Connections between collinear and transverse-momentum-dependent polarized observables within the Collins-Soper-Sterman formalism

TL;DR

This paper extends the Collins-Soper-Sterman formalism to polarized observables, specifically analyzing the Sivers effect, and demonstrates the relation between TMD and collinear twist-3 functions within this framework.

Contribution

It generalizes the iCSS $W+Y$ formalism to polarized observables and confirms the TMD-collinear relation for the Sivers function.

Findings

Recovered leading-order collinear twist-3 results from weighted $q_T$ integrals.

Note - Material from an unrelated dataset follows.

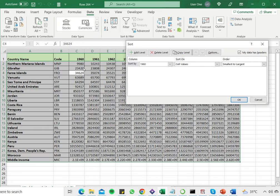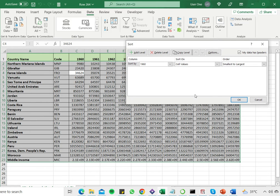When I do that, you can see that it has automatically selected all the data, meaning the entire table, and opened the sort window.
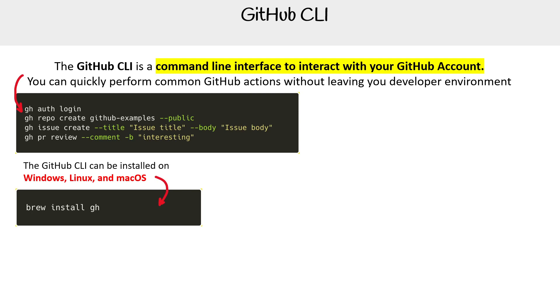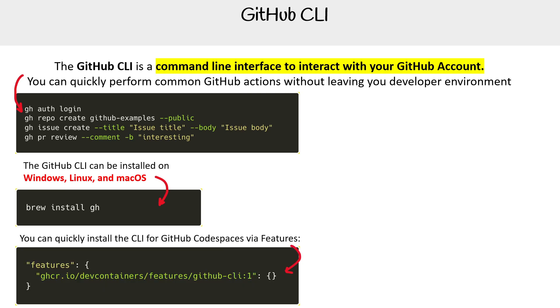The GitHub CLI can be installed on Windows, Linux, or macOS. That's an example of using brew to install. For dev containers, you can specify it as a feature to get installed. That is a very easy and quick way to have it installed there.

Validated the relation between the Sivers function and Qiu-Sterman function.

Outlined potential generalizations to other polarized quantities.

Abstract

We extend the improved Collins-Soper-Sterman (iCSS) $W+Y$ construction recently presented in~\cite{Collins:2016hqq} to the case of polarized observables, where we focus in particular on the Sivers effect in semi-inclusive deep-inelastic scattering. We further show how one recovers the expected leading-order collinear twist-3 result from a (weighted) $q_T$-integral of the differential cross section. We are also able to demonstrate the validity of the well-known relation between the (TMD) Sivers function and the (collinear twist-3) Qiu-Sterman function within the iCSS framework. This relation allows for their interpretation as functions yielding the average transverse momentum of unpolarized quarks in a transversely polarized spin-$\frac{1}{2}$ target. We further outline how this study can be generalized to other polarized quantities.